Re: [PATCH] memcg: charge before adding to swapcache on swapin
From: Johannes Weiner <hidden>
Date: 2021-02-20 00:36:12
Also in:
linux-mm, lkml
On Fri, Feb 19, 2021 at 02:44:05PM -0800, Shakeel Butt wrote:
Currently the kernel adds the page, allocated for swapin, to the swapcache before charging the page. This is fine but now we want a per-memcg swapcache stat which is essential for folks who wants to transparently migrate from cgroup v1's memsw to cgroup v2's memory and swap counters. To correctly maintain the per-memcg swapcache stat, one option which this patch has adopted is to charge the page before adding it to swapcache. One challenge in this option is the failure case of add_to_swap_cache() on which we need to undo the mem_cgroup_charge(). Specifically undoing mem_cgroup_uncharge_swap() is not simple. This patch circumvent this specific issue by removing the failure path of add_to_swap_cache() by providing __GFP_NOFAIL. Please note that in this specific situation ENOMEM was the only possible failure of add_to_swap_cache() which is removed by using __GFP_NOFAIL. Another option was to use __mod_memcg_lruvec_state(NR_SWAPCACHE) in mem_cgroup_charge() but then we need to take of the do_swap_page() case where synchronous swap devices bypass the swapcache. The do_swap_page() already does hackery to set and reset PageSwapCache bit to make mem_cgroup_charge() execute the swap accounting code and then we would need to add additional parameter to tell to not touch NR_SWAPCACHE stat as that code patch bypass swapcache.

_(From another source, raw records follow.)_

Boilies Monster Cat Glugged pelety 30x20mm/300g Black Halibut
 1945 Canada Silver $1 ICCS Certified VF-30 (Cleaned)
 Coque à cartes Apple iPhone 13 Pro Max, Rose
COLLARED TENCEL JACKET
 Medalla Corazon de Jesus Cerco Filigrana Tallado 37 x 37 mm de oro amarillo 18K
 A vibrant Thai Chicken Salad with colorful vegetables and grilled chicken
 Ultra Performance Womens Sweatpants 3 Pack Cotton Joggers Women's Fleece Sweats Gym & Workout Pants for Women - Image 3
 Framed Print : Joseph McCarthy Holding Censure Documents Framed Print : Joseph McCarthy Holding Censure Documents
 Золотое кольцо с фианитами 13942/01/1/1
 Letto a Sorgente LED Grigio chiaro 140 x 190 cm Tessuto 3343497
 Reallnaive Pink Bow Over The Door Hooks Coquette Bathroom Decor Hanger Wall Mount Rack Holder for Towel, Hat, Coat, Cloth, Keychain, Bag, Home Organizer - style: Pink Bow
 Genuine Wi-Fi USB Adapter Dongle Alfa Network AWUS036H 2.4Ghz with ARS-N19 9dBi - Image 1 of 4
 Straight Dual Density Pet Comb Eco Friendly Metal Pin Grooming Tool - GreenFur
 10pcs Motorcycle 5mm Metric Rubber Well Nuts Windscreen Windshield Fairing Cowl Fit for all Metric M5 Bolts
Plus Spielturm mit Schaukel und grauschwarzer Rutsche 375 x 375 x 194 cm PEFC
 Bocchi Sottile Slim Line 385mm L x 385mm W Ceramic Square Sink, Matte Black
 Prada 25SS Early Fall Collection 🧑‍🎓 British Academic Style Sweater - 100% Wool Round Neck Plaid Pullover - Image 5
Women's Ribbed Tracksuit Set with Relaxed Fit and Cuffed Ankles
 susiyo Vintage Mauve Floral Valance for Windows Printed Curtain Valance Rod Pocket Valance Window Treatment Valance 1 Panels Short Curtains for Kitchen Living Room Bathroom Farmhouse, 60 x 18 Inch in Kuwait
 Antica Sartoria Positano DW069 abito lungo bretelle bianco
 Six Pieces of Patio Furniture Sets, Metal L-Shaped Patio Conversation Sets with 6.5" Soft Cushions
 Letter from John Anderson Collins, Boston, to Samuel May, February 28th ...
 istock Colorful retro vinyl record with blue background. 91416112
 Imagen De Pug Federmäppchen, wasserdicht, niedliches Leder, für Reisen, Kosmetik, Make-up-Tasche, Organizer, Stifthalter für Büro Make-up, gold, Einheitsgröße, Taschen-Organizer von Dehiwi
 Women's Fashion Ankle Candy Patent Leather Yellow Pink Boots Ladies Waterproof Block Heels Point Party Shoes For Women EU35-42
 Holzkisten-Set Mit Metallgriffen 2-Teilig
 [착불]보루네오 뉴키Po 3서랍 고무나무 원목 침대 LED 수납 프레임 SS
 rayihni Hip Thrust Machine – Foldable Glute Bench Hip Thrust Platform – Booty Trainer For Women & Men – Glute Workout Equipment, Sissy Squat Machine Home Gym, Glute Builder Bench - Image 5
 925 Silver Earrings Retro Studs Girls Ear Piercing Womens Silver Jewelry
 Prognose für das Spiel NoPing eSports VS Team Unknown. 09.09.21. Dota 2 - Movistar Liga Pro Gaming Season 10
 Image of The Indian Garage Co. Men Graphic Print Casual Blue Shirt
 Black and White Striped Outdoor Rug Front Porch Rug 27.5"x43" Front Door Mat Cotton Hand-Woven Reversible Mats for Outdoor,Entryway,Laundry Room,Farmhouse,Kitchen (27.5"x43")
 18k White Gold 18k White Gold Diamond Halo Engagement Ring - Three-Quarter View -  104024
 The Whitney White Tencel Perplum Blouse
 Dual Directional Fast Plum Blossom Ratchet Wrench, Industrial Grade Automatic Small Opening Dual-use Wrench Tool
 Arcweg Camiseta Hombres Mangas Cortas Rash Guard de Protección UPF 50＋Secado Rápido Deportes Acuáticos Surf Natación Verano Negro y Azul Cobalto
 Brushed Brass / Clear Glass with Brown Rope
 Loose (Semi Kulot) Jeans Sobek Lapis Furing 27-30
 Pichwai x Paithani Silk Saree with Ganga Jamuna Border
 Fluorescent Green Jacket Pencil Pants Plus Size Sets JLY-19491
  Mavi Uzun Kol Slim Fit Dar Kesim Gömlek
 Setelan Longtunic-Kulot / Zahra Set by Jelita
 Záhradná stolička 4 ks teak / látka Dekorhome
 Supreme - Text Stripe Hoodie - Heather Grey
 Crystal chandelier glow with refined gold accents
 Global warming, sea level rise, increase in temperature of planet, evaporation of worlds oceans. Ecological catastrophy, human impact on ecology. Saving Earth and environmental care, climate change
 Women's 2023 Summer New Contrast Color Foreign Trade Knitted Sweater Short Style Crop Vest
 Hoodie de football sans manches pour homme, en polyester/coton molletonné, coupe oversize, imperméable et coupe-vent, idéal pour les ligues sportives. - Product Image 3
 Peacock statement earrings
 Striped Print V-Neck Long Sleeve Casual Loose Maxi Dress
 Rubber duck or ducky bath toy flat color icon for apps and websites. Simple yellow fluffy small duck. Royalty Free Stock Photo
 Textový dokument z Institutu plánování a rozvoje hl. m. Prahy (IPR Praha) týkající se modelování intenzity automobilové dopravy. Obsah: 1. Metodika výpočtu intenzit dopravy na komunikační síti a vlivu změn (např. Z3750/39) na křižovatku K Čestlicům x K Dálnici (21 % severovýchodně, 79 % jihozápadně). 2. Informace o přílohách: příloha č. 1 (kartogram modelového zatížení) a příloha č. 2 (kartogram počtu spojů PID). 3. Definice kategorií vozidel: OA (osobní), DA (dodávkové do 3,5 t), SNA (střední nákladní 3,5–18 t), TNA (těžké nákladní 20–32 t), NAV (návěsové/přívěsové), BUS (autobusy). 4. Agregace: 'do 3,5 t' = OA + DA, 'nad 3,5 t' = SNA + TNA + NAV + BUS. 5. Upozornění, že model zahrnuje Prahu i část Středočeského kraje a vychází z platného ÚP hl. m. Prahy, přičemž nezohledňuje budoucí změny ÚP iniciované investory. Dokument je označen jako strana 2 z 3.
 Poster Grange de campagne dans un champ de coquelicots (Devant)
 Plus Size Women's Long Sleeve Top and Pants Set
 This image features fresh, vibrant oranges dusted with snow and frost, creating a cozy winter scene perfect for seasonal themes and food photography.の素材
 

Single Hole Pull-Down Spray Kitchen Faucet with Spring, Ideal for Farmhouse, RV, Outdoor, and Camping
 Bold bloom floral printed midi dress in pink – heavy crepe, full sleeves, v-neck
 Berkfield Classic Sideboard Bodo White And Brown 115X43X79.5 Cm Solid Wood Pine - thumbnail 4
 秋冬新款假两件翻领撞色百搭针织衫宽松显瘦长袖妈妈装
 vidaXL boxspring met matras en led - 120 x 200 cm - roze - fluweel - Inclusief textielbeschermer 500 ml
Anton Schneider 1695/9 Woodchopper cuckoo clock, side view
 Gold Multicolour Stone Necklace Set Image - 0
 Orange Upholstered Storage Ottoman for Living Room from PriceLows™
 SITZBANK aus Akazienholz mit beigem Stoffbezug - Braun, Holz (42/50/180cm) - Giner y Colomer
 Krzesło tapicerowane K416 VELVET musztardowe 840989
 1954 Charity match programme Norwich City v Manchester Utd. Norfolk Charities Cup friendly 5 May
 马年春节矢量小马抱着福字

This patch added memcg charging API explicitly foe swapin pages and cleaned up do_swap_page() to not set and reset PageSwapCache bit. Signed-off-by: Shakeel Butt <redacted>
The patch makes sense to me. While it extends the charge interface, I actually quite like that it charges the page earlier - before putting it into wider circulation. It's a step in the right direction. But IMO the semantics of mem_cgroup_charge_swapin_page() are a bit too fickle: the __GFP_NOFAIL in add_to_swap_cache() works around it, but having a must-not-fail-after-this line makes the code tricky to work on and error prone. It would be nicer to do a proper transaction sequence.
quoted hunk ↗ jump to hunk
@@ -497,16 +497,15 @@ struct page *__read_swap_cache_async(swp_entry_t entry, gfp_t gfp_mask, __SetPageLocked(page); __SetPageSwapBacked(page); - /* May fail (-ENOMEM) if XArray node allocation failed. */ - if (add_to_swap_cache(page, entry, gfp_mask & GFP_RECLAIM_MASK, &shadow)) { - put_swap_page(page, entry); + if (mem_cgroup_charge_swapin_page(page, NULL, gfp_mask, entry)) goto fail_unlock; - } - if (mem_cgroup_charge(page, NULL, gfp_mask)) { - delete_from_swap_cache(page); - goto fail_unlock; - } + /* + * Use __GFP_NOFAIL to not worry about undoing the changes done by + * mem_cgroup_charge_swapin_page() on failure of add_to_swap_cache(). + */ + add_to_swap_cache(page, entry, + (gfp_mask|__GFP_NOFAIL) & GFP_RECLAIM_MASK, &shadow);
How about: mem_cgroup_charge_swapin_page() add_to_swap_cache() mem_cgroup_finish_swapin_page() where finish_swapin_page() only uncharges the swap entry (on cgroup1) once the swap->memory transition is complete? Otherwise the patch looks good to me.